▸ Data shown:
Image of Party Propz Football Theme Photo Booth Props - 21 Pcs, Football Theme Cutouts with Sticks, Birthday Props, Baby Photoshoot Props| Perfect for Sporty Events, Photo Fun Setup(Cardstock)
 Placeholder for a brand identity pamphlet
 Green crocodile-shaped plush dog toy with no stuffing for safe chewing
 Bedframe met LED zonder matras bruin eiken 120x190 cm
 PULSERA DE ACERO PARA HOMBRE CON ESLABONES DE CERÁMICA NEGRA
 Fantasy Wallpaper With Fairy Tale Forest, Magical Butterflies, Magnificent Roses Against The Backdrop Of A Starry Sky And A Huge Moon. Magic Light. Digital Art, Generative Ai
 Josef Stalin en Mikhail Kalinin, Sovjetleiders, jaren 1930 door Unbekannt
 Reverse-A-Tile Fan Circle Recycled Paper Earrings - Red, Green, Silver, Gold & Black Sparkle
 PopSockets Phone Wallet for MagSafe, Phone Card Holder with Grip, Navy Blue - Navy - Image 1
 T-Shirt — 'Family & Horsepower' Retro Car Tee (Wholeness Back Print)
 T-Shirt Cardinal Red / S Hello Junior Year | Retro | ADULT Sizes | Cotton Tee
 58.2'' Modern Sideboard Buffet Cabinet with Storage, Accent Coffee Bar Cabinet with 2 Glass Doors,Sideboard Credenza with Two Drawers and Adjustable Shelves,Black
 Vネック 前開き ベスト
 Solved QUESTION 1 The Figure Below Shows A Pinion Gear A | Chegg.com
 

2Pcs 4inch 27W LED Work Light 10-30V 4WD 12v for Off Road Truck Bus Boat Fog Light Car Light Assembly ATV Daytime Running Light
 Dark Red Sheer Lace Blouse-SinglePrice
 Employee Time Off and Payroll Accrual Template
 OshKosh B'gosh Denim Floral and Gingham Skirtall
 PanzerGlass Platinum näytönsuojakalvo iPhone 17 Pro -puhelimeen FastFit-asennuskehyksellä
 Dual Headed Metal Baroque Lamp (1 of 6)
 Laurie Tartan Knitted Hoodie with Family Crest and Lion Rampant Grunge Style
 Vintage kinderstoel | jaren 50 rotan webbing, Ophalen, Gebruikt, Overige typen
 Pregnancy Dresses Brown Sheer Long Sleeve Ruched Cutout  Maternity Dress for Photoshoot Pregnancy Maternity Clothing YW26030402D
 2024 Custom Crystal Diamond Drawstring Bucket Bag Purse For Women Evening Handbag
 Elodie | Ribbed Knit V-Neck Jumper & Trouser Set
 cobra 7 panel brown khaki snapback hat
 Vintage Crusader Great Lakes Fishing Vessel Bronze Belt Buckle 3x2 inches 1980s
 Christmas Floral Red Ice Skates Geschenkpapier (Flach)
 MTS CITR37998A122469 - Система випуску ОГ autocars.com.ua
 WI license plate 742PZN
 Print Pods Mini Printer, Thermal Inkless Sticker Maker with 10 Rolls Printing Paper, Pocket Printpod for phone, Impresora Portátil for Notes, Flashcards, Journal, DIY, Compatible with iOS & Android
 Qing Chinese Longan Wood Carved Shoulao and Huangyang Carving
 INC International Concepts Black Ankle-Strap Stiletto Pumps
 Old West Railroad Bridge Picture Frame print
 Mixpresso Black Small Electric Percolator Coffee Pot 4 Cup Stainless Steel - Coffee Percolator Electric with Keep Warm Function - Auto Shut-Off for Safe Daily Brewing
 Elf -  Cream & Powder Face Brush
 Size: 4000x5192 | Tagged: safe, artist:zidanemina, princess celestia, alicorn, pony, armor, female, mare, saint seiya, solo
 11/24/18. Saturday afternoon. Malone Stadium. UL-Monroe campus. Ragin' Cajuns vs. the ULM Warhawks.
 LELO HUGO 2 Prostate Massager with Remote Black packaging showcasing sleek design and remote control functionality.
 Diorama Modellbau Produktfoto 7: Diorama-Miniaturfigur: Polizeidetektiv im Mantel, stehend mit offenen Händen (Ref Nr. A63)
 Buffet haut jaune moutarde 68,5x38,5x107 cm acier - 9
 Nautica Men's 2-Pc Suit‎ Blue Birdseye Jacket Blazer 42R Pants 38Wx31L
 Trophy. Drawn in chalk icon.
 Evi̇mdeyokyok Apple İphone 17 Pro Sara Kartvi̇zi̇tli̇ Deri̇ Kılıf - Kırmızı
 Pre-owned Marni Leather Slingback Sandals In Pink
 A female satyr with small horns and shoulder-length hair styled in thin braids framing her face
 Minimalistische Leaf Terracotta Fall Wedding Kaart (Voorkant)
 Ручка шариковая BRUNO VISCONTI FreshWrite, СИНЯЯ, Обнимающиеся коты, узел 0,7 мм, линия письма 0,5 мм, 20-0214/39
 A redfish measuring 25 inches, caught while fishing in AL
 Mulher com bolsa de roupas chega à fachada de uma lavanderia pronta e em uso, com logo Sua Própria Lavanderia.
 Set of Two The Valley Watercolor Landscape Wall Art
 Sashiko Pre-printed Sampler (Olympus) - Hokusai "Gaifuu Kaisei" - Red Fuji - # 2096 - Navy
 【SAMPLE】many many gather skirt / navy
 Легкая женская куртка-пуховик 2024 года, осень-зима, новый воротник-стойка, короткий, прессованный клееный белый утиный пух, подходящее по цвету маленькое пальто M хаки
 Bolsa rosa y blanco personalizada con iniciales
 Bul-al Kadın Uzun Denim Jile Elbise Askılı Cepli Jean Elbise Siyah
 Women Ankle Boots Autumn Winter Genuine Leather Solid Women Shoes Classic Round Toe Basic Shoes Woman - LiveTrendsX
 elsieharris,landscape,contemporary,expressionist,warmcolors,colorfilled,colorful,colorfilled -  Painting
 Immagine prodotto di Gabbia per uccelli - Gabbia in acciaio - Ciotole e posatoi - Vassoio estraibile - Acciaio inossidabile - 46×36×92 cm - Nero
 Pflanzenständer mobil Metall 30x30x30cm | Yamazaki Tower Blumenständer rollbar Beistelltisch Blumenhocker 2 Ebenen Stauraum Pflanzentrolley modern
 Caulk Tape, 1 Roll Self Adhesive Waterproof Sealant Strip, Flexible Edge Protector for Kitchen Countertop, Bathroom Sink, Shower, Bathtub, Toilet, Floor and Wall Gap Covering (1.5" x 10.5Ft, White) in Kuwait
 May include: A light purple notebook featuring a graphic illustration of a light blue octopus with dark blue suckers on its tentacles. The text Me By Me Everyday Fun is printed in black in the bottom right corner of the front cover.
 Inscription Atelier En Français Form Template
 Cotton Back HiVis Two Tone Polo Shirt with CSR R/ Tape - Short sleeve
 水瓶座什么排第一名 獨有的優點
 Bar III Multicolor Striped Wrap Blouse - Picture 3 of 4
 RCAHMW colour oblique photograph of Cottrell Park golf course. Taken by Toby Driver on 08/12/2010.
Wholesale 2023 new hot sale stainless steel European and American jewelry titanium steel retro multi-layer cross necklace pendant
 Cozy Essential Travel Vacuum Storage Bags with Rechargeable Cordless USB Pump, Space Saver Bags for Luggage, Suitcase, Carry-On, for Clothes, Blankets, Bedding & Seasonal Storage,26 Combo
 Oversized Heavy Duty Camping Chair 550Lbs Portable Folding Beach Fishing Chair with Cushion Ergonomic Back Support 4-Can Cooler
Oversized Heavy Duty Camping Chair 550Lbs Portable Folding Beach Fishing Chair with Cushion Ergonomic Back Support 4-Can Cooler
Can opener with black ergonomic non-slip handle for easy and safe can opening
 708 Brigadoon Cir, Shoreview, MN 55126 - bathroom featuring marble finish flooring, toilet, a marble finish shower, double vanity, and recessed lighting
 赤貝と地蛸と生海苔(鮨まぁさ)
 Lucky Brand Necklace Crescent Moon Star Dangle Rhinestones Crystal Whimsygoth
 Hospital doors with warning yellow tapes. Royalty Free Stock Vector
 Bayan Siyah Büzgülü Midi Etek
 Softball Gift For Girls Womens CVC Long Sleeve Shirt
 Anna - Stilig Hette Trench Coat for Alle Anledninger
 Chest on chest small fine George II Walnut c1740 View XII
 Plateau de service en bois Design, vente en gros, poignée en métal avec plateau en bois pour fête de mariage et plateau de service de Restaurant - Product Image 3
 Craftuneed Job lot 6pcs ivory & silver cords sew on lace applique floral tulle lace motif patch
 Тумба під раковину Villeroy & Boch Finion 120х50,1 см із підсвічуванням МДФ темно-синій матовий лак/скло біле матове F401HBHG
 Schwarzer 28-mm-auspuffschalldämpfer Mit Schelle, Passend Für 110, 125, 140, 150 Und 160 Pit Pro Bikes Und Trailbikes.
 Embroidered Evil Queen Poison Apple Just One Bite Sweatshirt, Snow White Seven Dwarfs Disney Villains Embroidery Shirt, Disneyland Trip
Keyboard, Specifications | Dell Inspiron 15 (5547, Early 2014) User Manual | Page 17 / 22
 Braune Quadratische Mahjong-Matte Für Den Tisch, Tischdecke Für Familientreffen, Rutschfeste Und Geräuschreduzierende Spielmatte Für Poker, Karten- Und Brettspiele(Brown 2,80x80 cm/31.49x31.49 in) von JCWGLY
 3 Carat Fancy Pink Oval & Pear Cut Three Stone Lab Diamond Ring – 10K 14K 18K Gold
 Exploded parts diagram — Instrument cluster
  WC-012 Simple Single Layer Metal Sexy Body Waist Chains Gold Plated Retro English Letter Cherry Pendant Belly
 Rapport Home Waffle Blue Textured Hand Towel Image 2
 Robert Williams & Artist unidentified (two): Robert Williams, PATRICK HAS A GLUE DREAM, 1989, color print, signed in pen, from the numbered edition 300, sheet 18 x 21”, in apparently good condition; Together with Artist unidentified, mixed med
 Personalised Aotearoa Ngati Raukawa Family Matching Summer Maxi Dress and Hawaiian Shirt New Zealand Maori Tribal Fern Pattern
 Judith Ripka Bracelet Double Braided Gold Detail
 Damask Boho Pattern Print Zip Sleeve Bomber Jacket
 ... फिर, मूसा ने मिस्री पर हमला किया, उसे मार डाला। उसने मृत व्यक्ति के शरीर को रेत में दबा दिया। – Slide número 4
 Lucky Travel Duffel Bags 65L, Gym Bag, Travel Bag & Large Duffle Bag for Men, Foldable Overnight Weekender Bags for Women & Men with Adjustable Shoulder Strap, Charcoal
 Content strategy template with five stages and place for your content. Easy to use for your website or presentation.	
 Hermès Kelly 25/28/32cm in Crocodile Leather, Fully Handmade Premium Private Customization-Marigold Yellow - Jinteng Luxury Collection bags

▸ Work task:
Take from the listing every line in which the word "Duty" appears.

▸ Output for this exercise:
 Oversized Heavy Duty Camping Chair 550Lbs Portable Folding Beach Fishing Chair with Cushion Ergonomic Back Support 4-Can Cooler
Oversized Heavy Duty Camping Chair 550Lbs Portable Folding Beach Fishing Chair with Cushion Ergonomic Back Support 4-Can Cooler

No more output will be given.